For this installment, we will be tackling Monthly Girls’ Nozaki-kun a 12-episode anime series based on the 4-panel romantic comedy manga written and illustrated by Izumi Tsubaki and serialized in Gangan Online.

Here’s the premise:
Chiyo Sakura, your average high school student, has a crush on schoolmate Umetarou Nozaki. Little does she know that he’s the world-renowned shoujo manga artist Sakiko Yumeno, best known for Let’s Fall in Love. Sakura attempts to confess to him and Nozaki mistakes her confession for a request for an autograph. In order to get closer to him and hopefully properly convey her feelings, Sakura agrees to help Nozaki with his manga. Along the way, she meets other schoolmates who assist him and oftentimes serve as references and inspirations for Nozaki’s characters.

Nozaki-kun is a fun, lighthearted take on the shoujo genre. It introduces a host of memorable characters who make the show entertaining. It even has a reverse trap. I found her character especially humorous.

As an indie graphic novelist, I could really appreciate some of the artist humor in Nozaki-kun. Each episode, Nozaki was diligently on the lookout for references, ideas, and scenarios that he could adapt into his manga. Most of the cast of Fall in Love is based on people he met at school so he enjoys pairing them up with other “cast members” and monitoring their behavior. What makes it more interesting is that he’s basing female characters on his male friends and male characters on his female friends. Each of these said friends also helps him with his manga whether it’s applying tone (beta), drawing backgrounds, or inking. Initially, I was bothered by this, but the cast grew on me and I came to enjoy the parallel existences of each character.

What’s nice about this series is that it focuses on a fairly volatile cast and doesn’t spend too much time on any one character. When the characters have the opportunity to interact with their foil, you never know what’s going to happen – especially if Nozaki is involved.

Each character feels like he/she should fit into a specific archetype. They don’t. Even when everything starts to add up, there’s one little flaw or gigantic nuance to them that prevents them from being cookie cutter and flat. Compared to other shoujo titles, I found this refreshing.
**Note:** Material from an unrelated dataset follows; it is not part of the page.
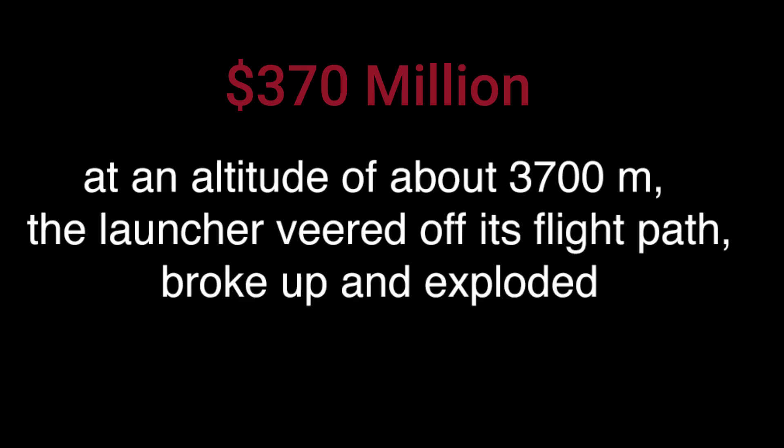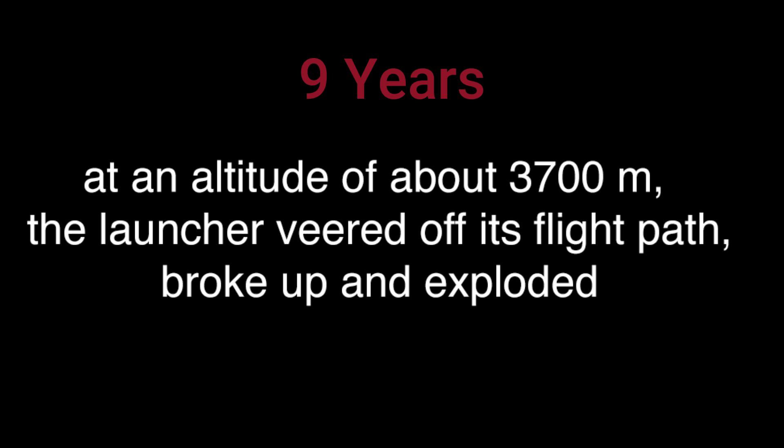Because of the potential for the loss of human lives, the self-destruction mechanism was activated, which ultimately put an end to the mission before anything worse could happen. The loss of the Ariane 5 rocket came at a very significant financial cost, estimated at around 370 million, with this project being in the works for over 9 years. Luckily, no lives were lost as this was an unmanned mission.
There are a lot of anime that fall into the “let’s make manga” category as well. To name a few, Comic Party, The Daily Life of a Manga Artist and His Assistants, and Bakugan. Nozaki-kun covers a side of the genre that these titles don’t come close to touching: what female readers want in a manga. Most of the other titles focus on either action or ecchi. In this regard, Nozaki-Kun sets itself apart and manages to appeal to a more diverse audience without isolating another. In balancing several attractive male characters for the ladies but are also strong, independent, and relatable to male viewers, Nozaki-kun is able to successfully appeal to more demographics than what other shows in this genre have. Though it’s labeled as a romantic comedy, I’d say Nozaki-kun is more of a slice-of-life comedy than anything else.

It would have been nice to have some closure in the end. But the series comes full circle from one misunderstanding to another.

There isn’t much else to say about the series other than it’s full of fun antics and comedy. It’s not side-splittingly hilarious, but I found myself smiling and laughing every episode. Sentai Filmworks is licensing this in the United States. I will probably be purchasing this on Blu-Ray once it’s available and on sale. It’s not a show I’d wait around for a limited edition, but it’s good enough to buy. Definitely worth watching.